PROBLEM REQUIREMENTS> Write every line below out again, exactly as given, but leave out the pictures.

WORKING DATA>
++++++++
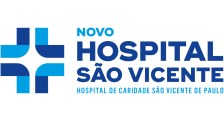 Hospital São Vicente de Paulo logo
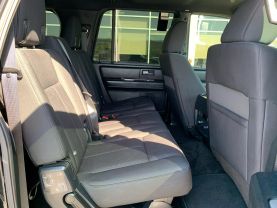 2017 FORD EXPEDITION EL CARS/SUV V6, ECOBOOST, TT, 3.5L XL SPORT UTILITY 4D - Eddies Auto Sales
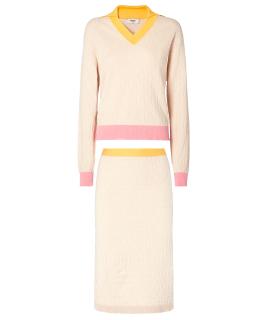 FENDI Костюм с юбками
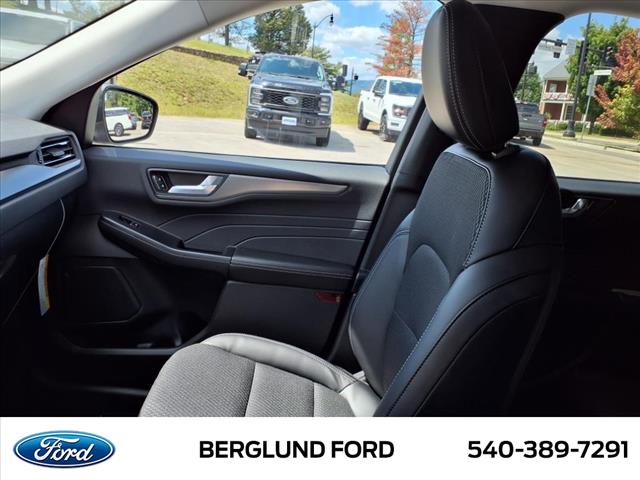 2025 Ford Escape Plug-In Hybrid PHEV - Photo 20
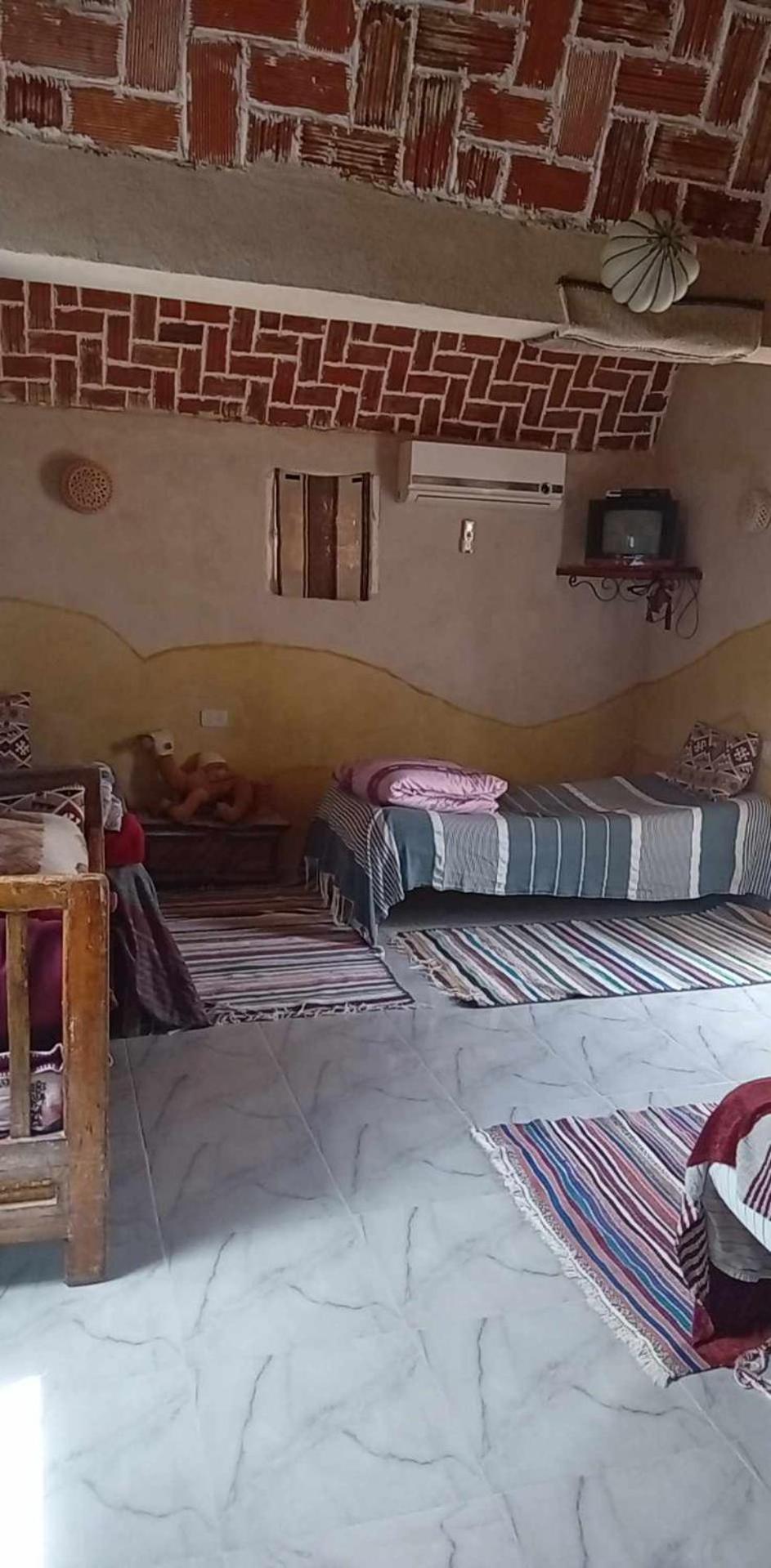 Maison Proche De Désert Douz Esterno foto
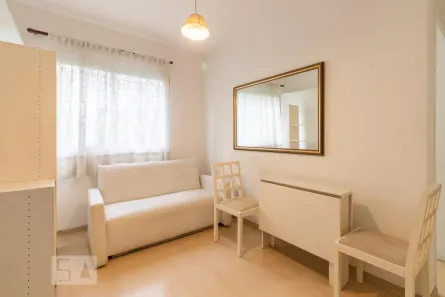 Apartamento com 1 Quarto à venda, 37m² no Indianópolis, São Paulo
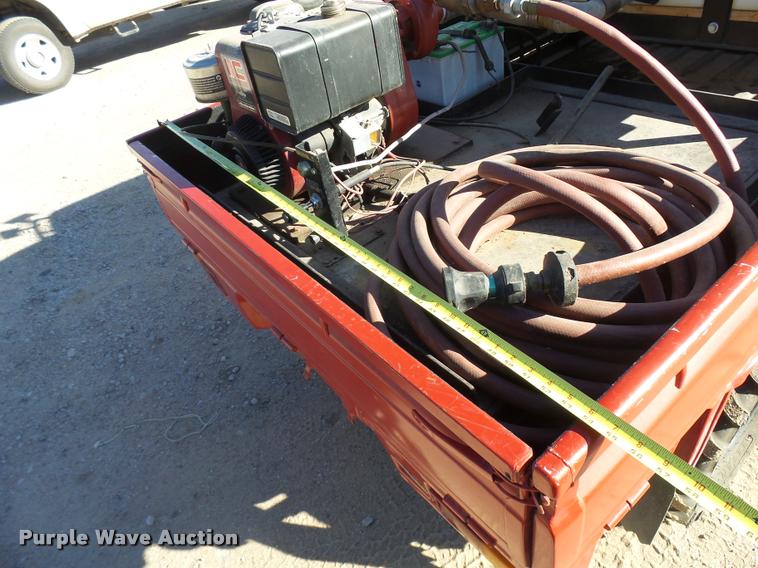 image for item AS9505 1992 Daihatsu HiJet utility vehicle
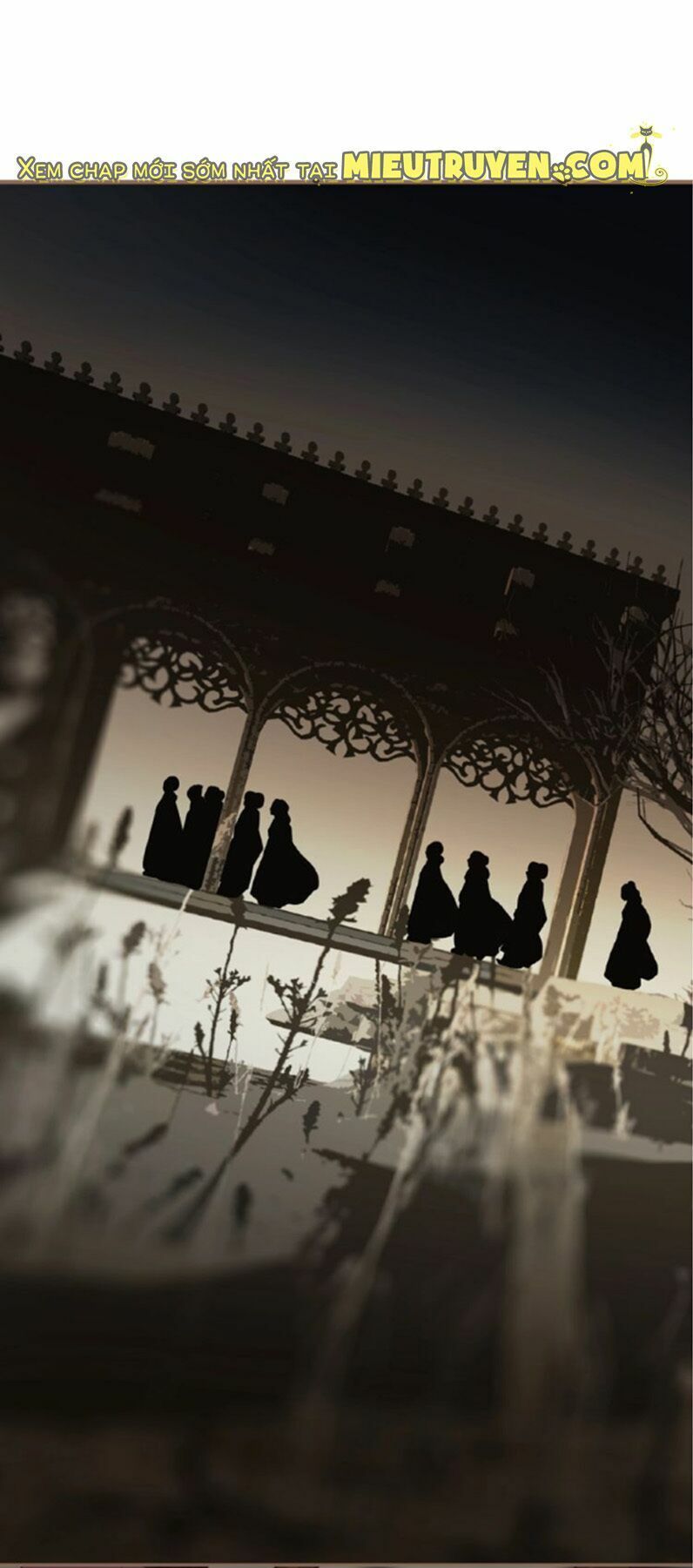 nhất đại linh hậu chapter 79 14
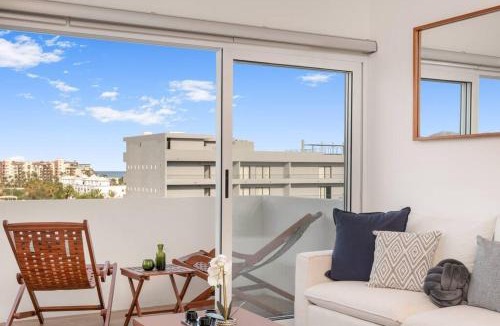 El Medano Ejidal Apartment | NEW Condo at El Medano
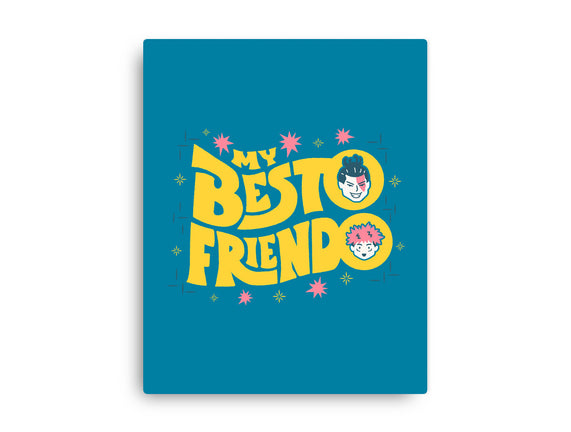 My Besto Friendo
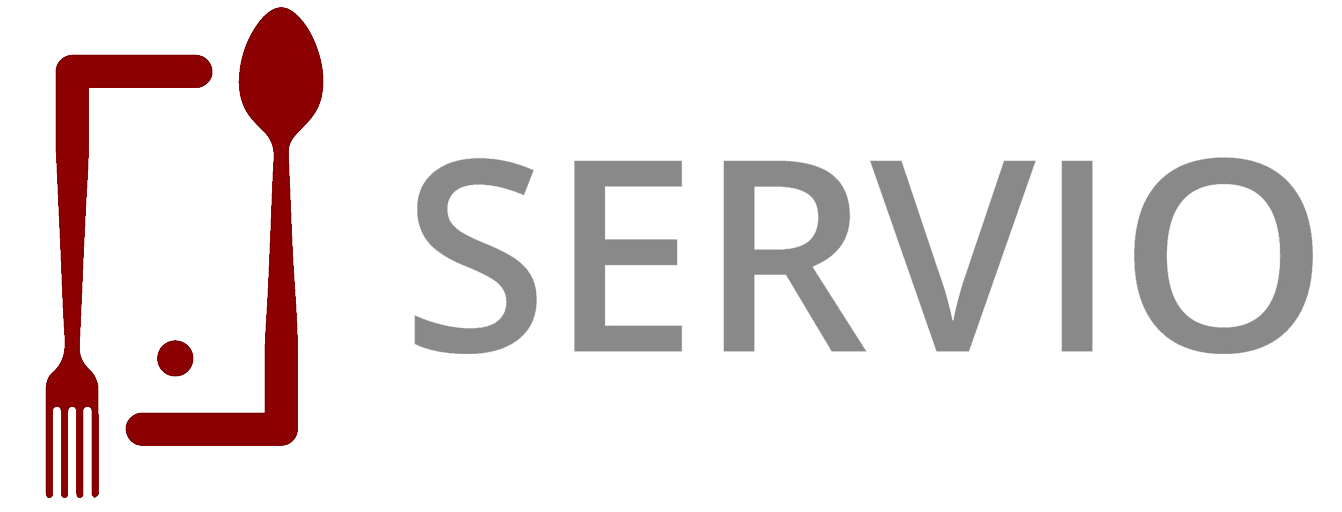 Servio logo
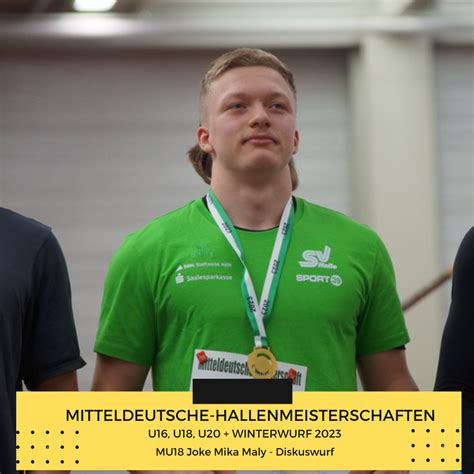 Leichtathletik Verband Sachsen Anhalt E V Mitteldeutsche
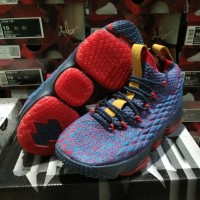 Sepatu Basket Nike Lebron James 15 (XV) Pro Fusion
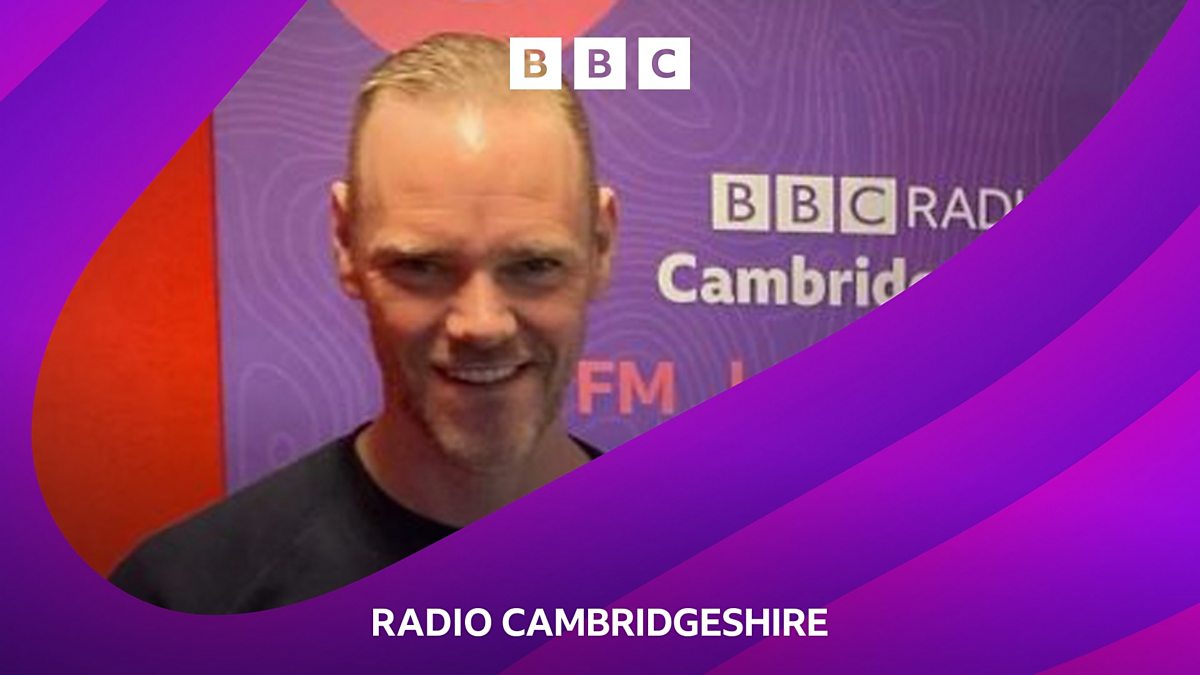 BBC Radio Cambridgeshire - BBC Radio Cambridgeshire, Naked in ...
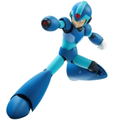 4inch-nel Mega Man X thumbnail 1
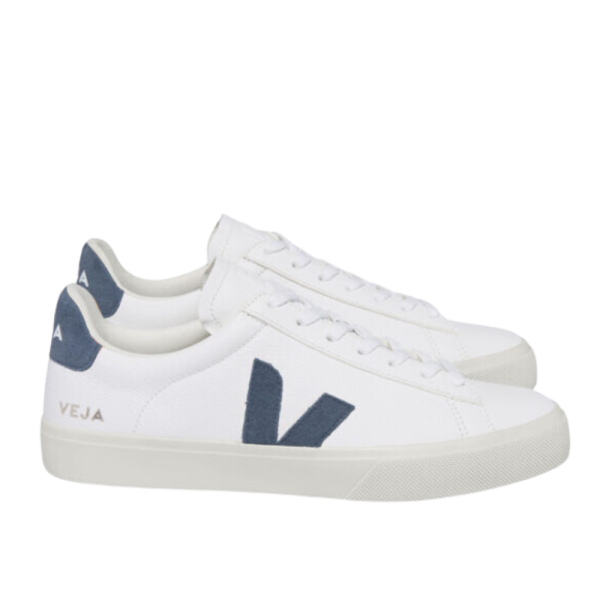 Veja - Campo - EXTRA-WHITE-CALIFORNIA - Sneaker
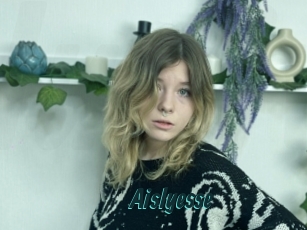 Aislyesse
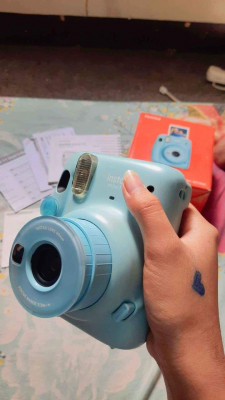 Fujifilm Instax Mini 11 Skyblue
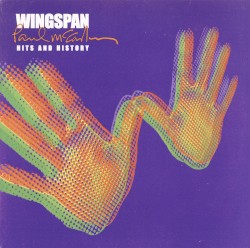 Wingspan: Hits and History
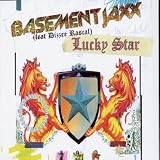 Review Basement Jaxx  / Lucky Star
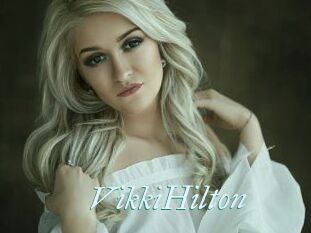VikkiHilton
++++++++
RESPONSE>
 Hospital São Vicente de Paulo logo
 2017 FORD EXPEDITION EL CARS/SUV V6, ECOBOOST, TT, 3.5L XL SPORT UTILITY 4D - Eddies Auto Sales
 FENDI Костюм с юбками
 2025 Ford Escape Plug-In Hybrid PHEV - Photo 20
 Maison Proche De Désert Douz Esterno foto
 Apartamento com 1 Quarto à venda, 37m² no Indianópolis, São Paulo
 image for item AS9505 1992 Daihatsu HiJet utility vehicle
 nhất đại linh hậu chapter 79 14
 El Medano Ejidal Apartment | NEW Condo at El Medano
 My Besto Friendo
 Servio logo
 Leichtathletik Verband Sachsen Anhalt E V Mitteldeutsche
 Sepatu Basket Nike Lebron James 15 (XV) Pro Fusion
 BBC Radio Cambridgeshire - BBC Radio Cambridgeshire, Naked in ...
 4inch-nel Mega Man X thumbnail 1
 Veja - Campo - EXTRA-WHITE-CALIFORNIA - Sneaker
 Aislyesse
 Fujifilm Instax Mini 11 Skyblue
 Wingspan: Hits and History
 Review Basement Jaxx  / Lucky Star
VikkiHilton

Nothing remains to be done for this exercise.